I'm hoping the stock S3 ride height has acceptable gap. Never been a fan of slammed cars.


----------



## Dan Halen (May 16, 2002)

Yep. I'd rather just not have to even mess with swapping suspension, especially with mag-ride.


----------



## Maitre Absolut (Aug 5, 2009)

I run KW on my current car and wouldn't hesitate to purchase for the S3

Assuming magnetic ride is standard on the S3, it would be a total inefficient use of funds to buy coilovers on top being charged for mag ride :banghead:

i was lucky that it was an option on my A3 in 09 that could be left off


----------



## [email protected] (Apr 9, 2004)

Maybe MSS will do a kit for the car if it's got Mag Ride.

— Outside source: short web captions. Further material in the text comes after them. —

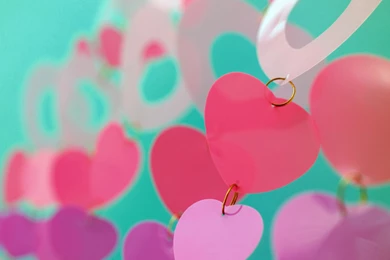 Enjoy These Lovely Valentine's Day Themed Wallpapers For Your Android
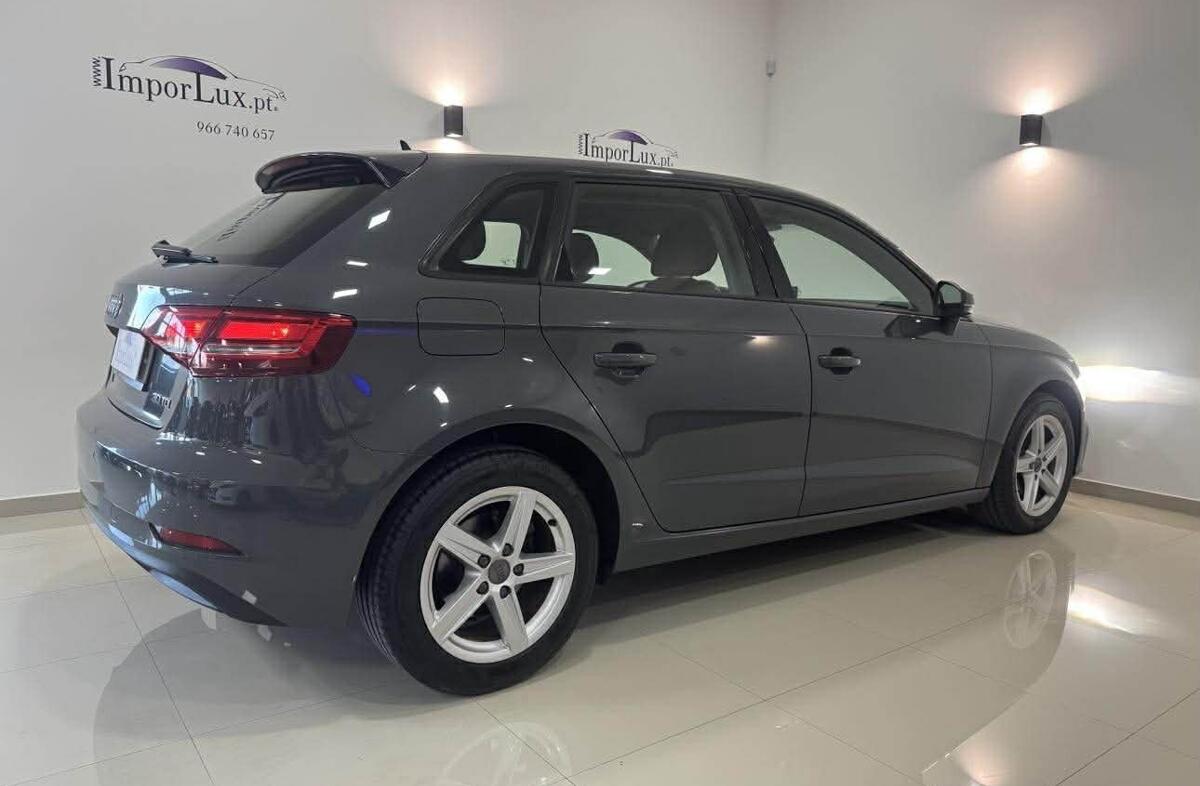 AUDI A3 30 TDI Design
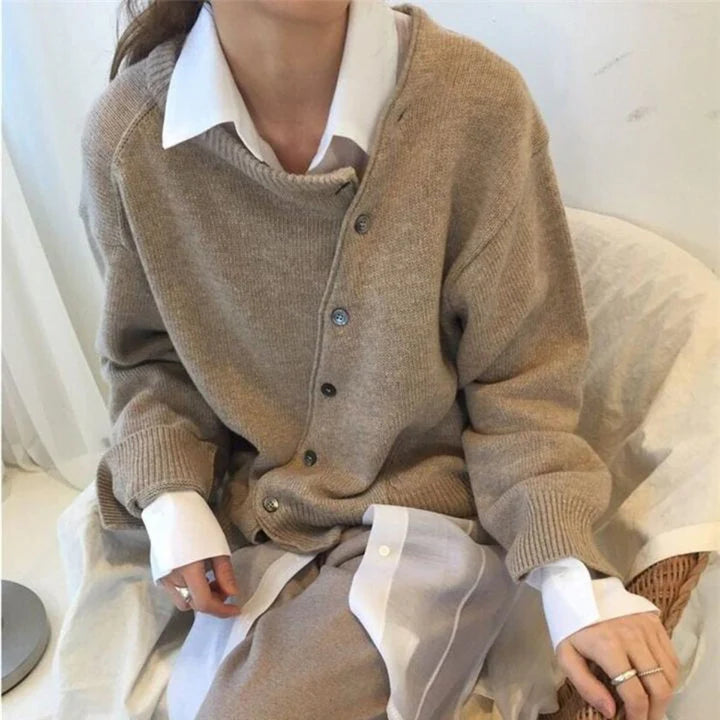 CARDIGAN EN CACHEMIRE AVEC DÉTAILS BOUTONS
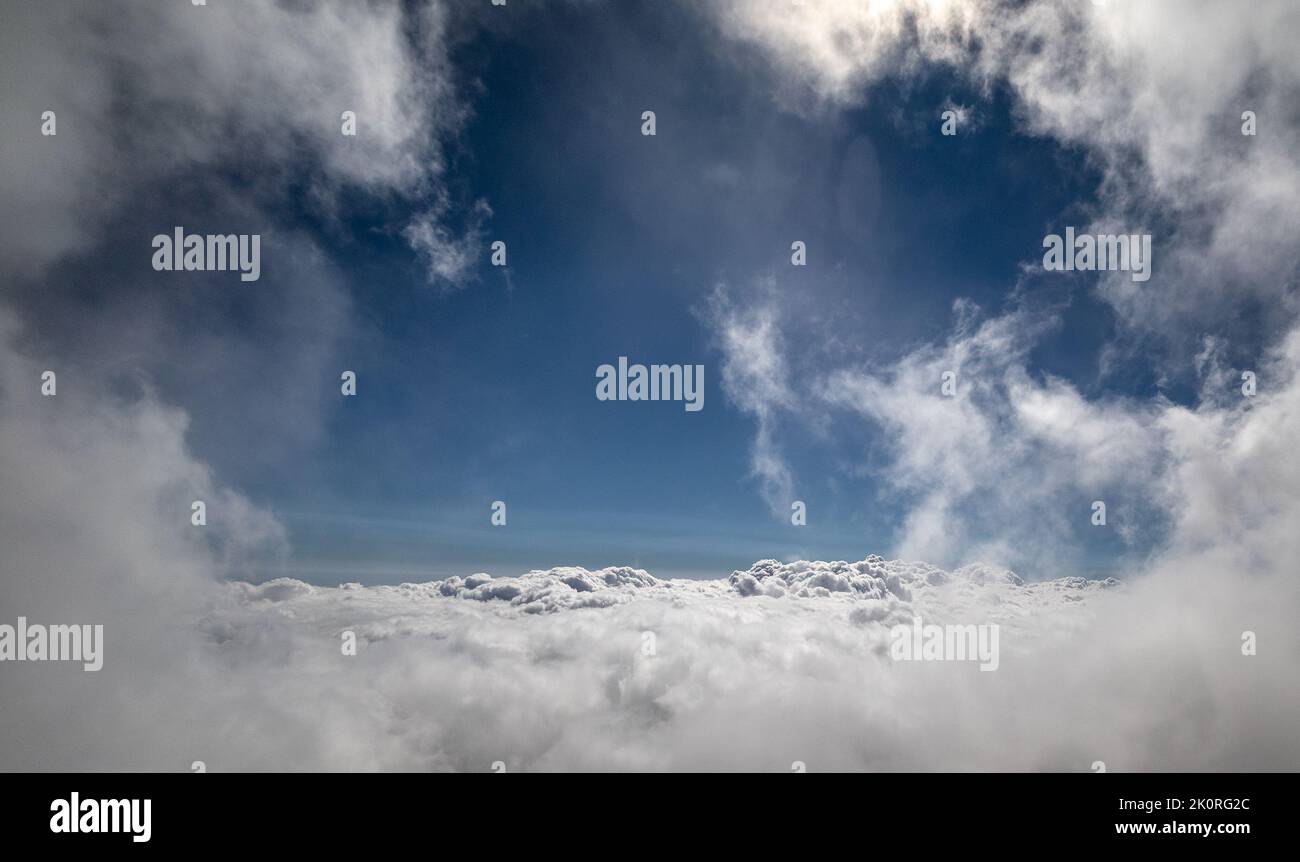 Nuages pris du Mont Teide Banque D'Images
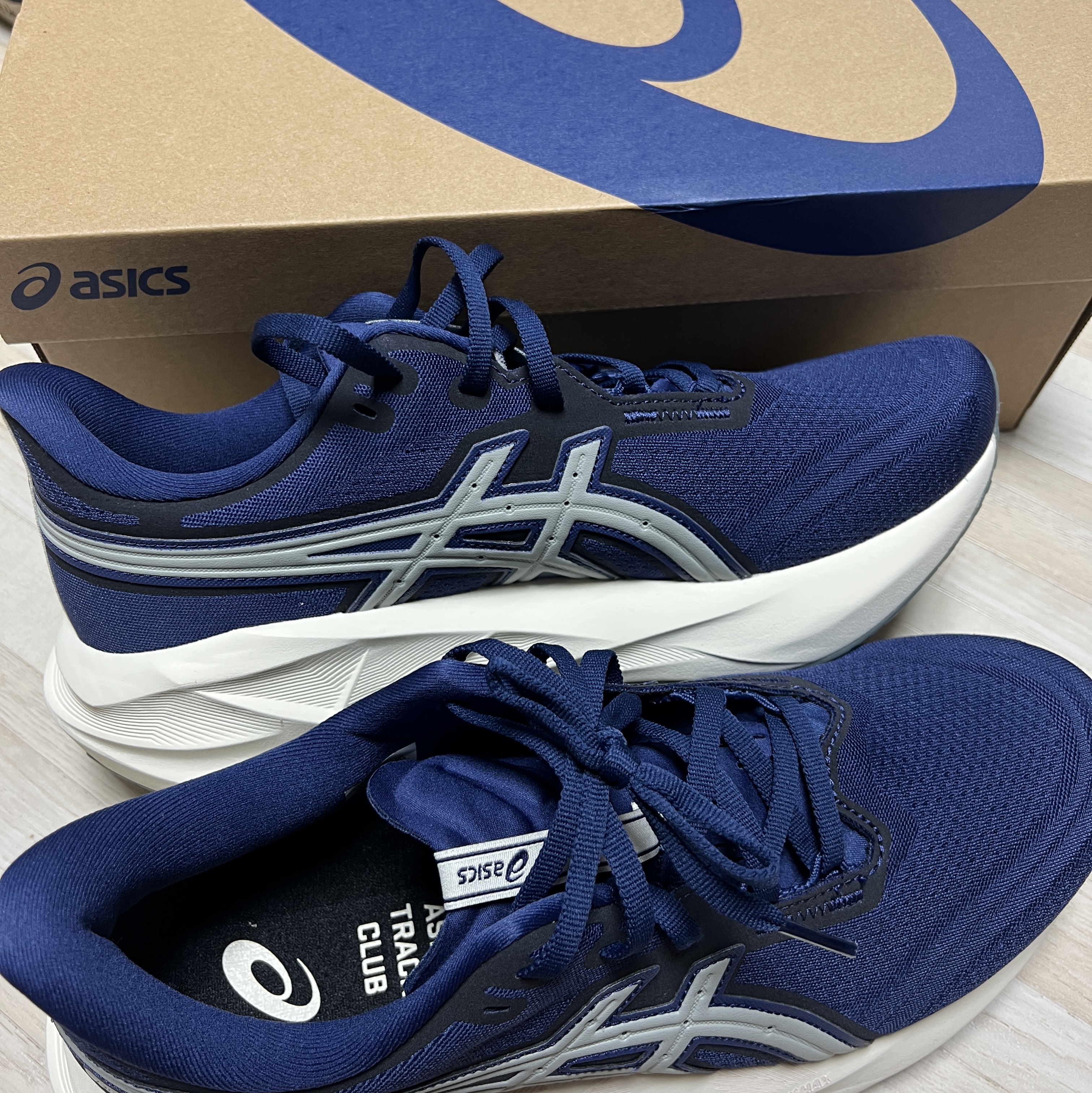 Asics Novablast 5 Indigo Blue Seal Grey 착용 스타일 - 1
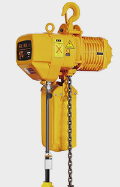 收割機(jī)零部件組裝冠航環(huán)鏈電動葫蘆的使用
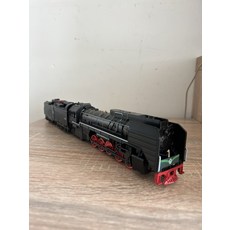 全新 1:87 內燃機車 磁吸車廂 火車頭燈可點亮 回力前行, 1個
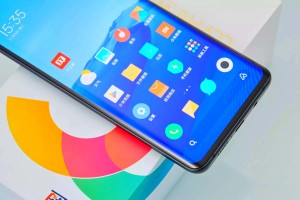 Компания Xiaomi подтвердила разработку смартфона Pocophone F2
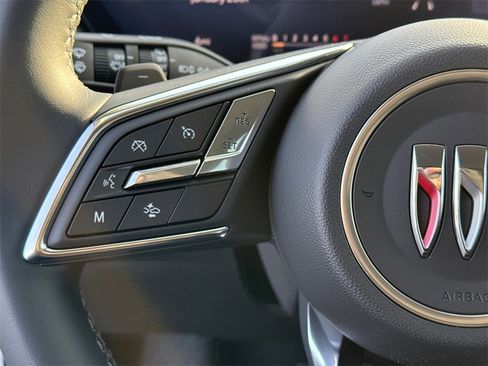 New 2025 Buick Envision Preferred image 21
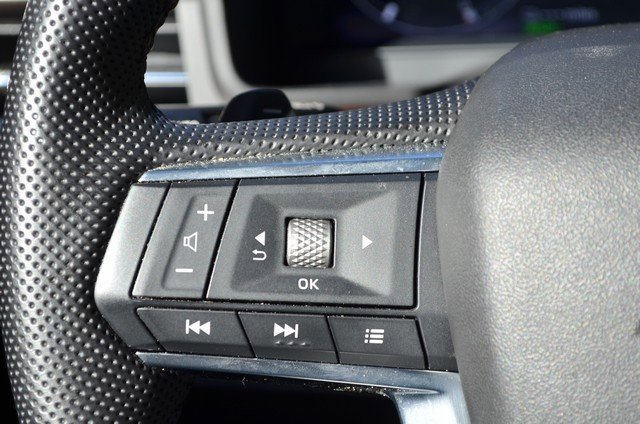 Used 2023 Mitsubishi Outlander SEL image 20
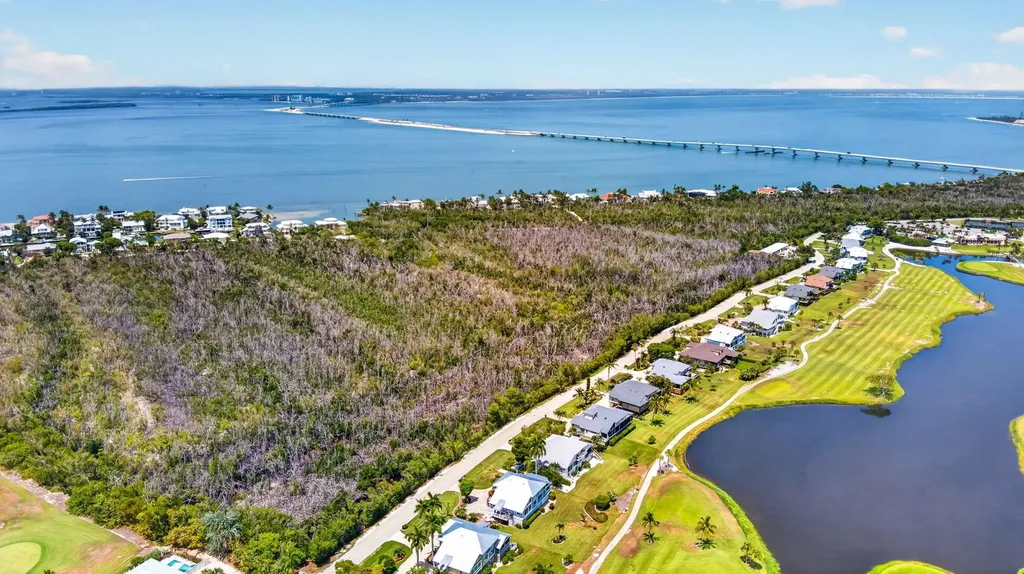 0 Bay Drive Sanibel FL 33957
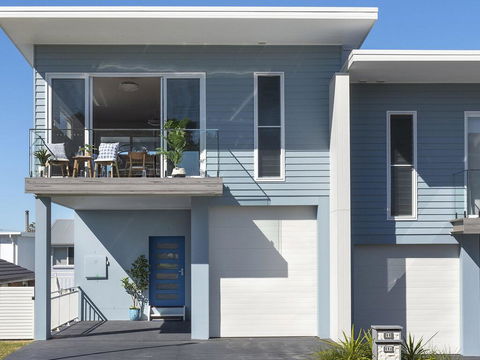 Blue Pelican - Pacific Views, Walk To Beach - Accommodation Melbourne 0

It would make sense. There'd be much more volume there than TT.


----------



## Dan Halen (May 16, 2002)

Maitre Absolut said:


> I run KW on my current car and wouldn't hesitate to purchase for the S3
> 
> Assuming magnetic ride is standard on the S3, it would be a total inefficient use of funds to buy coilovers on top being charged for mag ride :banghead:
> 
> i was lucky that it was an option on my A3 in 09 that could be left off


Word on the street is that it will be optional. You'll be forced to take 19" wheels packaged with it, but it'll be a stand-alone upcharge otherwise.


----------



## Waterfan (Aug 9, 2012)

Sexy


----------



## v6er (Dec 18, 2000)

And loving the color


----------



## jsausley (Dec 2, 2011)

Anyone good with Photoshop? Would love to see RSe52s or RSe12s on this one!


----------



## Dan Halen (May 16, 2002)

v6er said:


> And loving the color


Color? I don't see no stinkin' color.


----------